The Conference of Chief Justices and the Conference of State Court Administrators organized the task force at their recent annual conference and asked Chief Justice Loretta H. Rush to co-chair along with the Tennessee State Court Administrator Deborah Taylor Tate. Rush and Tate will lead discussions and create action items with a group of justice leaders from Iowa, New Mexico, Vermont, Ohio, Kansas and Nebraska.
Rush, who comes from a background in child court cases, said the epidemic is devastating.
“The courts are just flooded with these cases,” she said. “And it’s not just the criminal cases, it’s the child that has to go into foster care. We’ve quadrupled the kids in foster care in short period of time.”
Abuse of heroin, morphine and prescription pain medications has overwhelmed the courts and caused a myriad of problems in the health care industry and foster care system. Rush said it’s like we’re losing an entire generation to these types of drugs.
“You see pictures of the parent overdosed on heroin with their child crying right next to them. It’s traumatic,” she said.

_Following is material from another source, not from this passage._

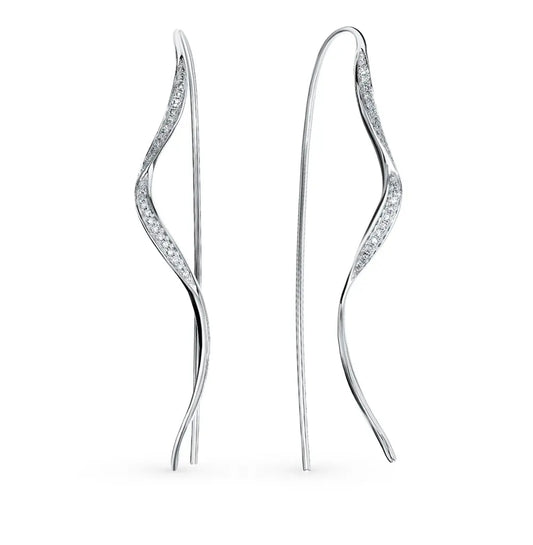 White Gold Unique string earrings with diamonds - cushionblue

Chief Justice Rush also said, although the opioid epidemic affects all living generations, several of her goals for the task force center around the welfare of children.

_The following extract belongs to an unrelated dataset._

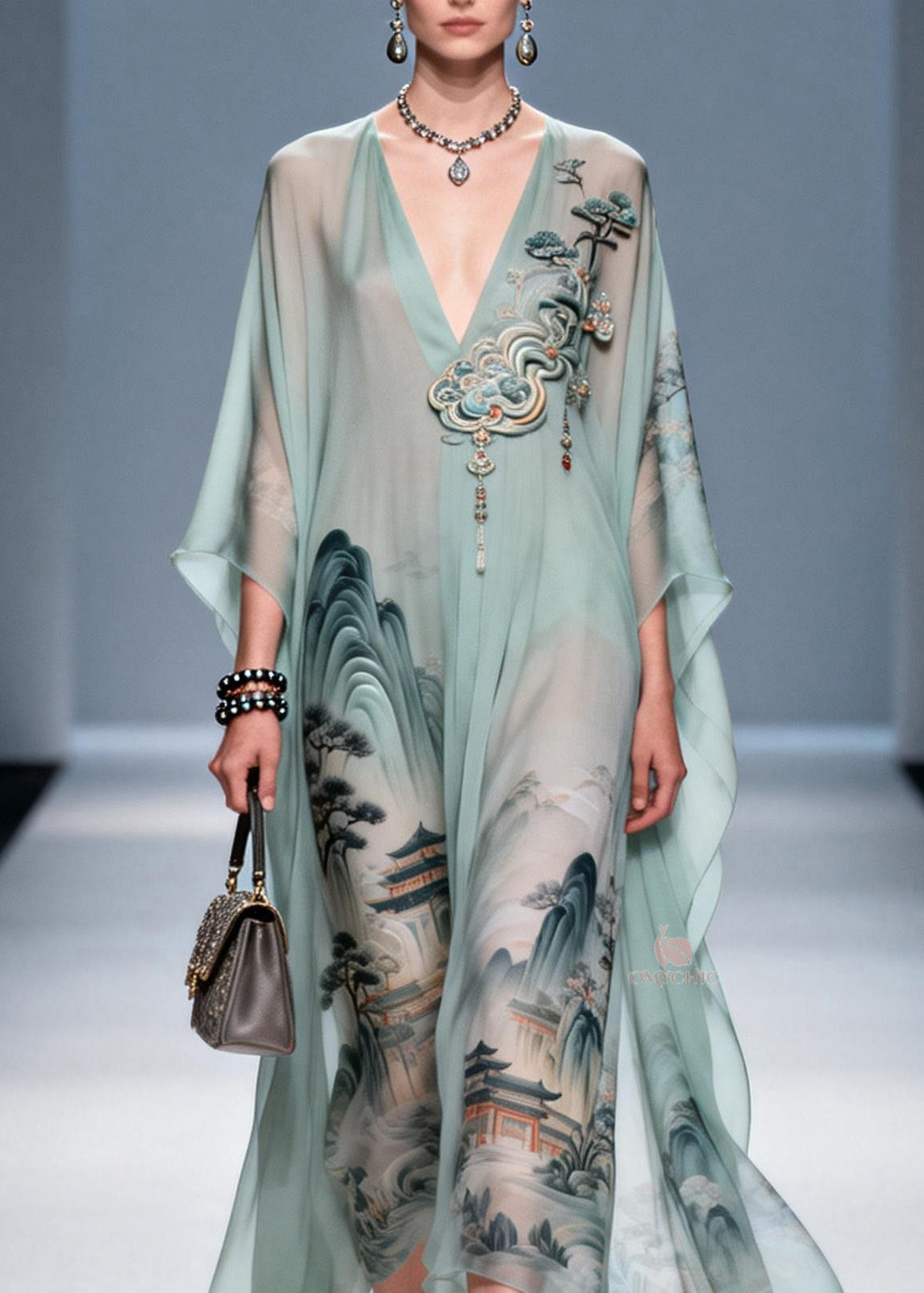 Original Design V Neck Print Chiffon Maxi Dress Summer 2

“For example, you have a child who’s removed from the home, maybe there’s a meth lab or something and Grandma lives across the river in Kentucky. How can we get that child over there without waiting months and months and months to get it done?” Rush said. “With this being a national task force, you take some of the strategies that are working across the states, and bringing those together so you’ve a blueprint nationally for how to stop this crisis.”

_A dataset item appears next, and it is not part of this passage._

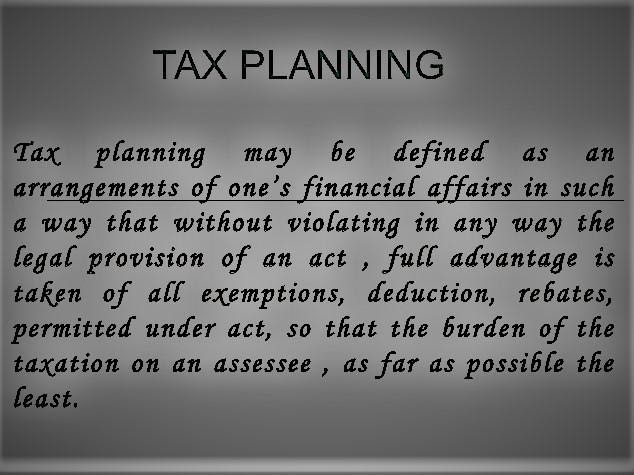 Managerial Tax Planning assignment help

With a Hoosier at the helm of this task force, stories from several Indiana counties could lead discussions. Rush commented on the progress made by Johnson County, which has seen a 37 percent decrease in the crime rate since implementing new anti-opioid procedures in 2012.
“We go really hard after drug dealers, we make arrests all the time, we do undercover operations, we do roundups to get as many off the streets as they can, put them in prison so they cant deal their poison to anybody else,” said Brad Cooper, Johnson County prosecutor, while sitting in his office papered with press articles covering recent drug arrests in his jurisdiction.
“We’ve taken drug dealers off the street so people can’t get to the heroin unless they go somewhere else for it, and we’ve been taking the people that are addicted and running through recovery court, assessing them, and trying to get them the services they need to get off of heroin,” he continued.
Cooper also described his policy on banning needle exchange programs in the county and only treating patients with nonnarcotic regimens. He said his experience with narcotics goes back further than his career as an elected official.
“My sister was a high school softball player and she had a back injury and they treated her back injury with pain medications, which she then became addicted to,” he said. “As her addiction grew and she wasn’t able to get enough pain medications to feed her addiction, she wound up getting some heroin and she took it and overdosed and died.”
That experience, one year before he was elected as prosecutor, prepared him to help Johnson County become a leader in opioid addiction recovery programs.
“We saw this coming. I knew the story of my sister and I knew this was going to happen to other kids.”
In 2012, Johnson County began to aggressively arrest drug dealers, send arrested addicts to rehab and employ a patient prescription database. Cooper said thanks to that, the crime rate in Johnson County has since dropped by 37 percent.
Rush called Johnson County’s efforts “cutting-edge” and said her first agenda item with the national task force is to hear what’s working in our country.
“Get all the task forces that are state by state, or plans, get them together, overlap them and see where our gaps are,” she said.
The first in-person meeting of this task force is set for Nov. 13 in Washington, D.C.